|I didn't have a picture of a monkey - but there are|
crocuses blooming in Philly, and that's almost as good.
This quote reminded me of something from my own childhood:
"I wanted a monkey too when I saw it in a pet store and believed my mother would let me have it if I could only convince her how much I really wanted it."
I had a monkey as a pet when I was about 7 years old, only my mom was the one who really wanted it.
I've talked about my mom before. She was . . . unusual.

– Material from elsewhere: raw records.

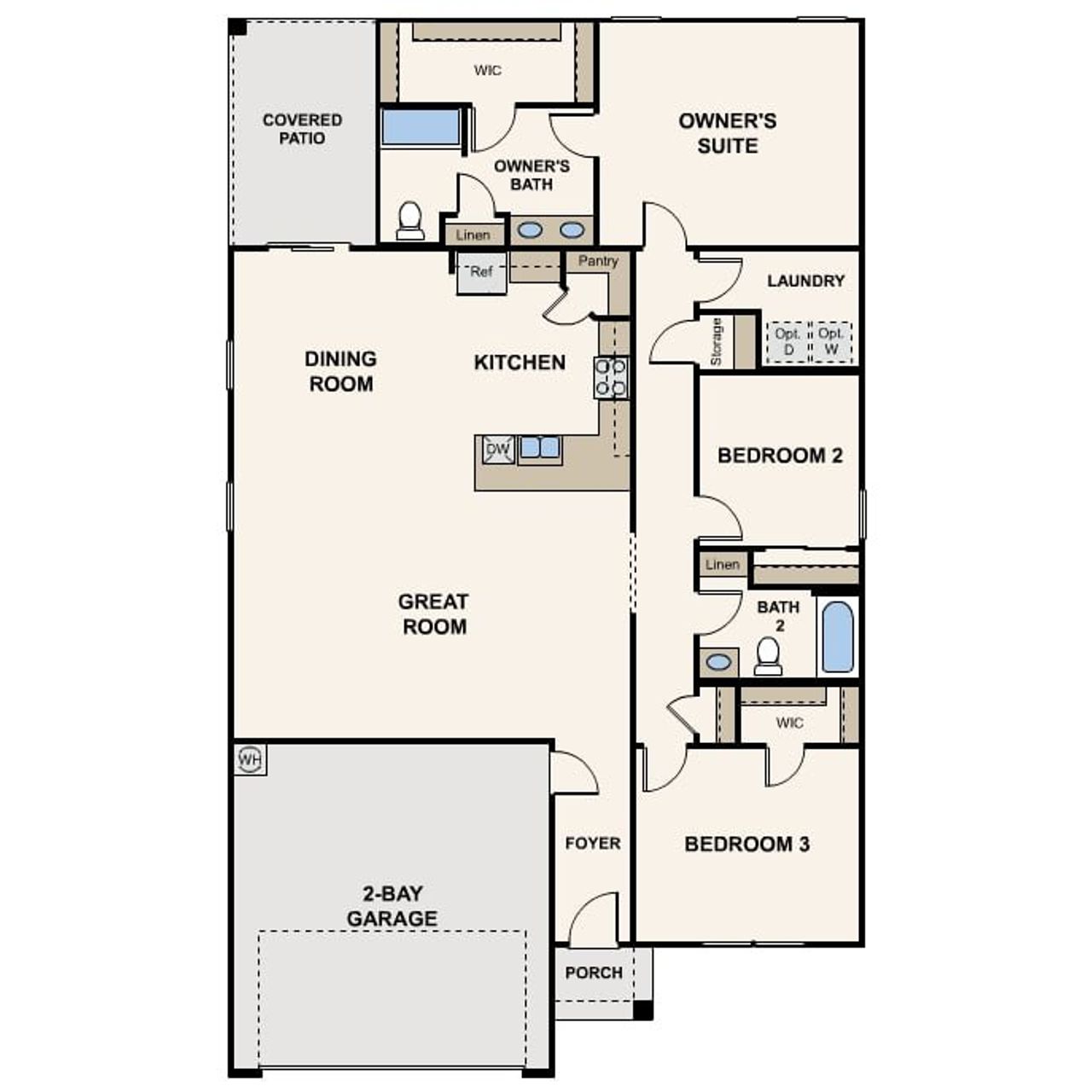 2D floor plan layout for the Palo Verde by Century Complete in Cross Creek Ranch, Coolidge, AZ (Image 2).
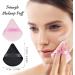 2 Pcs Triangle Velvet Makeup Powder Puffs Set - Pink & Black | Soft Velour Beauty Triangle Face Puffs for Setting Loose Powder, Under Eye Makeup Applicator - Buy Online on GoSupps.com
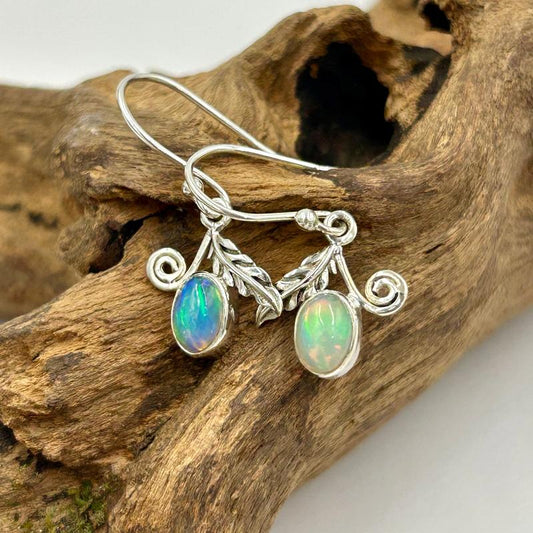 Ethiopian Precious Opal Feather Earrings || .925 Sterling Silver-Nature's Treasures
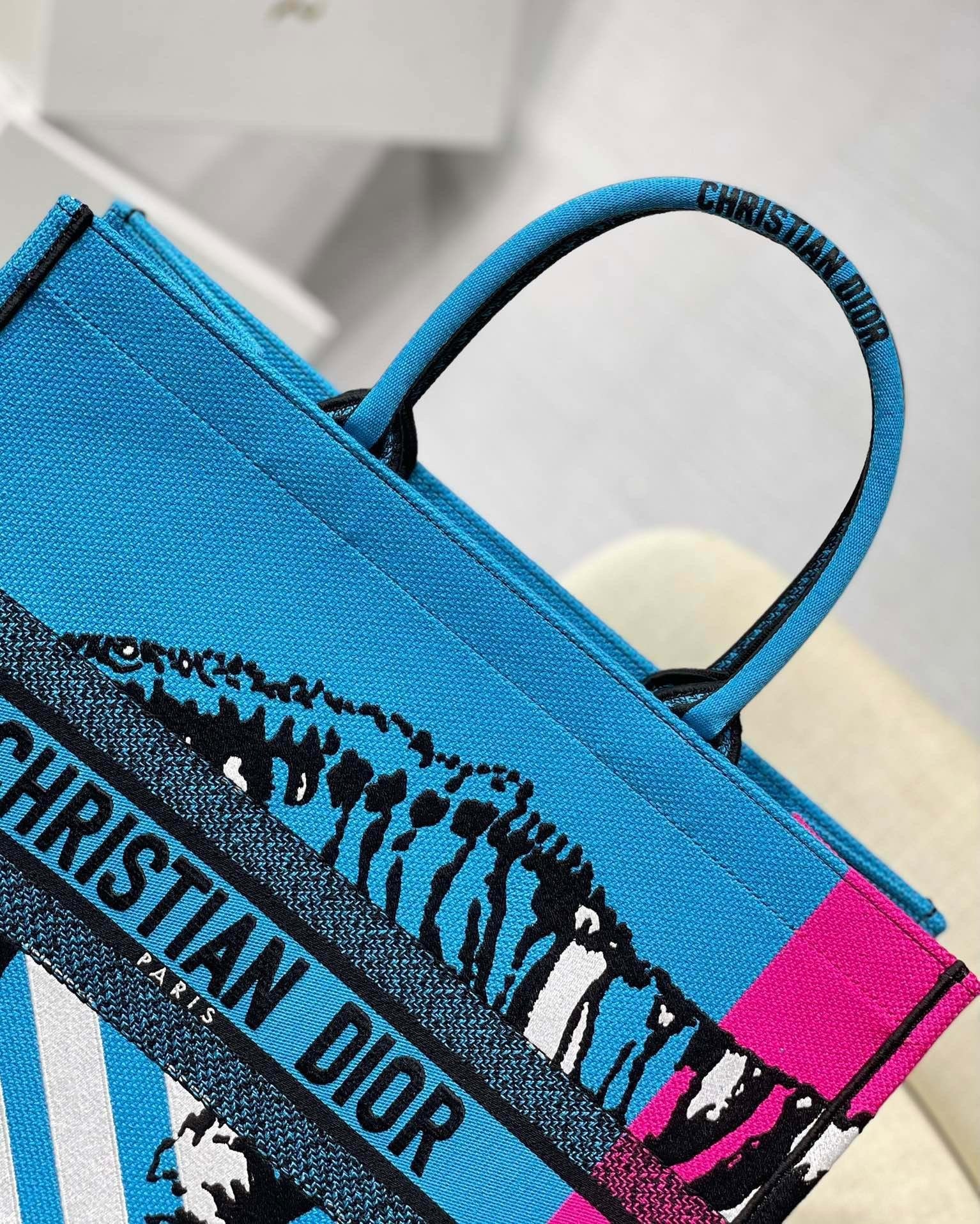GLAMI Large Book Tote Blue And Pink, For Women, WomenÃ¢â‚¬â„¢s Handbags 16.5in/42cm CD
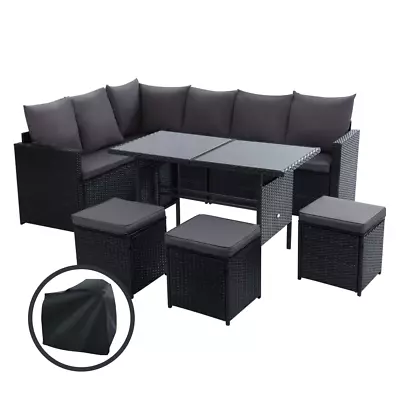 $1057.95 • Buy Gardeon Outdoor Furniture Dining Setting Sofa Set Wicker 9 Seater Storage Cover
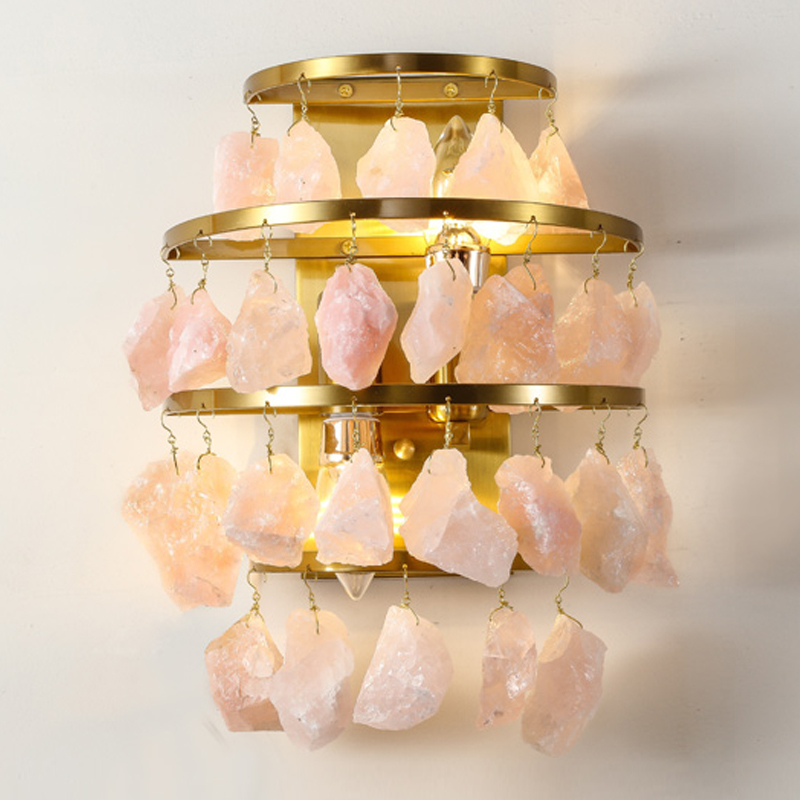 Hardis Pink stone Wall Lamp Латунь Дымчатая Роза Hardis Pink stone Wall Lamp Латунь Дымчатая Роза во Владивостоке | Loft Concept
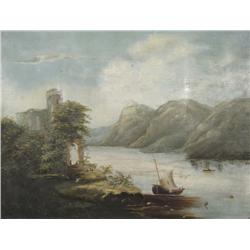 Artist Unknown, Mountain Scene with Lake, Oil on canvas,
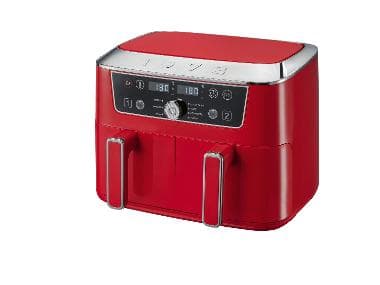 SILVERCREST® Dubbele airfryer, 2x 4,35 L, rood, retro (rood 1973)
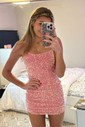 Modest Black Bodycon Square Neck Sequin Homecoming Dresses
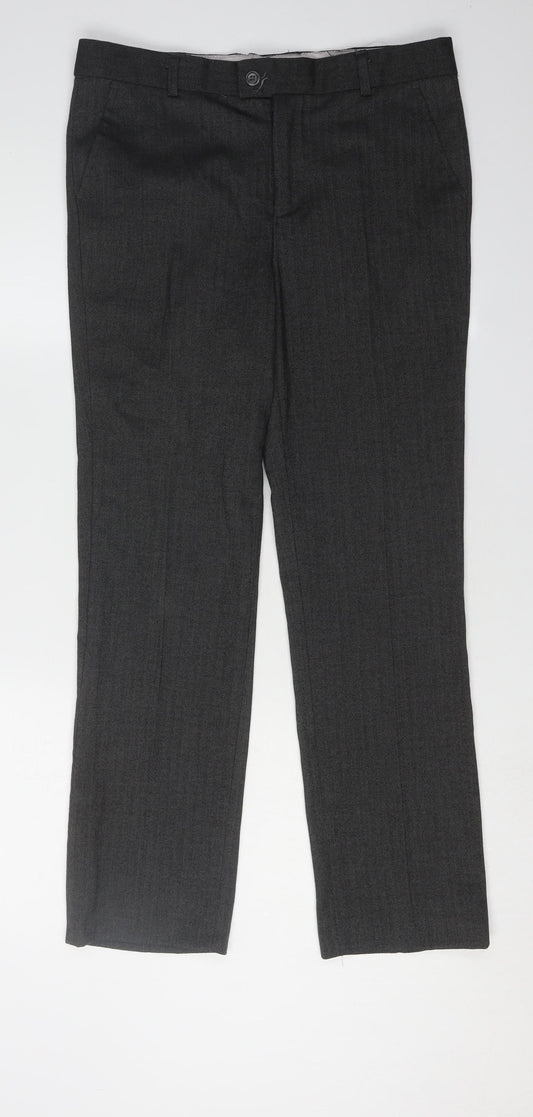 Paisley Women's Grey Trousers, UK 10, Button Closure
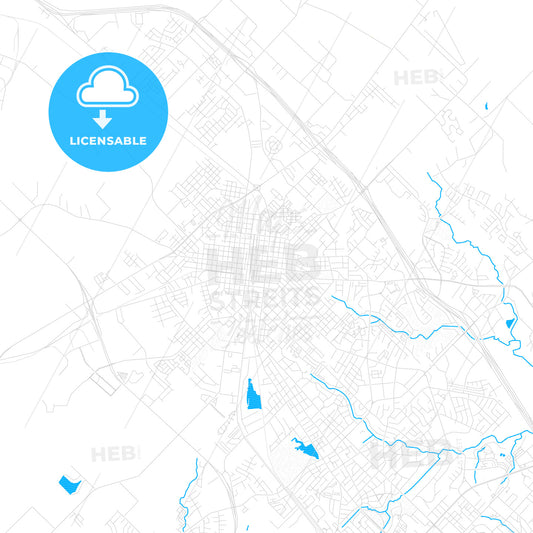 Bryan, Texas, United States, PDF vector map with water in focus
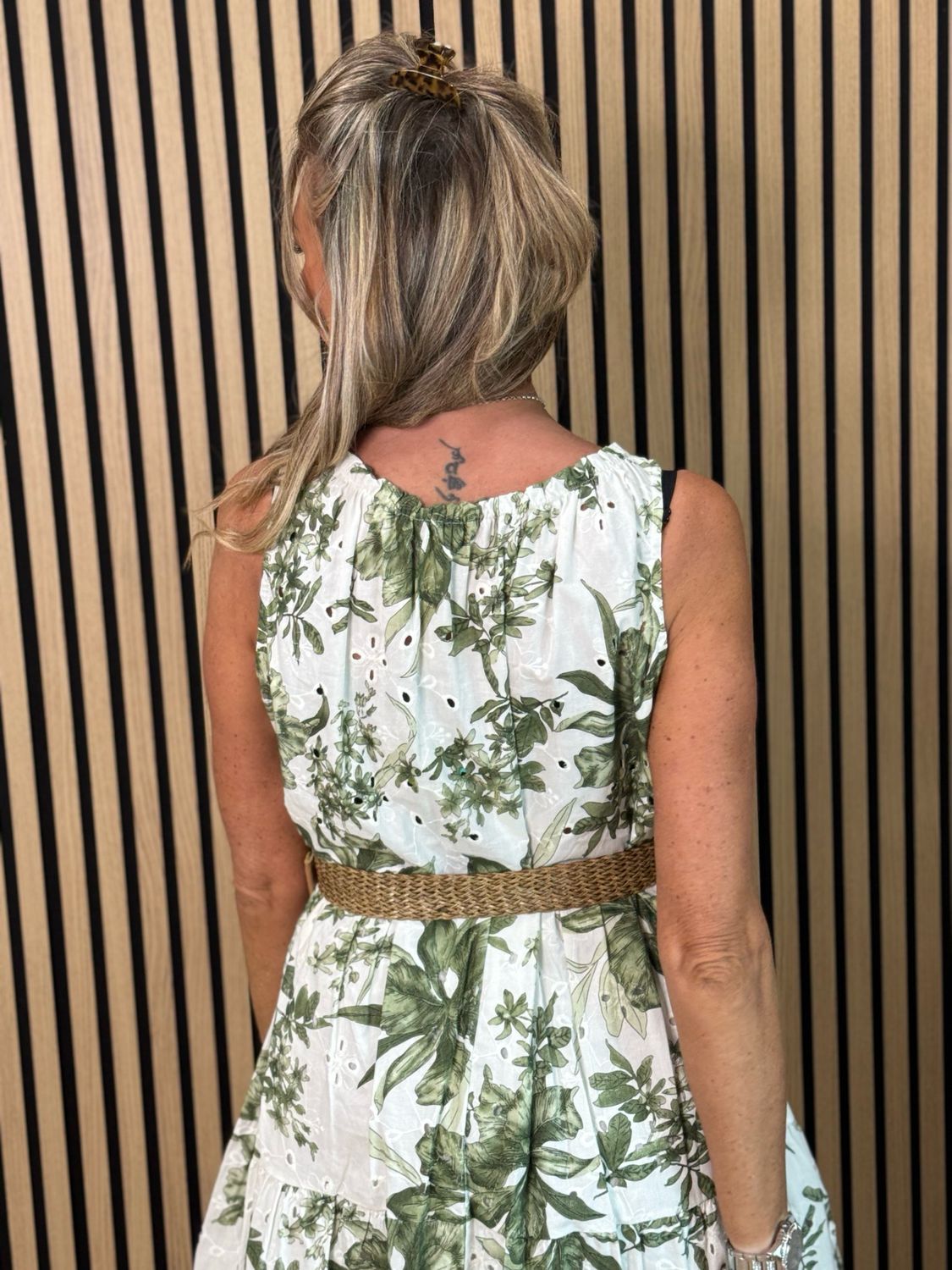 Floral Tie Shoulder Cotton Dress - White/Khaki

She had certain ideas that she couldn't be talked out of, and weird enthusiasms that had no basis in any reality the rest of us could see.
When she was a little girl, in the 1930s, my great-grandmother used to tell her not to stay out after dark because the Gypsies would steal her. Most children would have been cowed. My mother? She packed up the classic bandanna-on-a-stick parcel and fell asleep on the curb, waiting for them to come for her.
She grew up (mostly), but she never lost her fascination with them. There were a couple of Gypsy kids in my grade school. Their families would come and go each year, generally leaving in June when school let out. One year, Mom happened to be nearby when they were packing their cars. (Was it deliberate? Even as a 40-something, did she want them to take her away?)
They got to talking, and somehow, my mom came home with a monkey.
I came home to find a tall metal cage on the kitchen table, with said monkey inside. His name, of course, was Gypsy. He was small and skinny and made a lot of noise, and had very bad manners. My poor aunt Margaret, who lived with us, didn't understand what he was doing until my mom explained to her that monkeys were a lot like small boys who'd just found out that they were carrying the best toy in the world around on their bodies.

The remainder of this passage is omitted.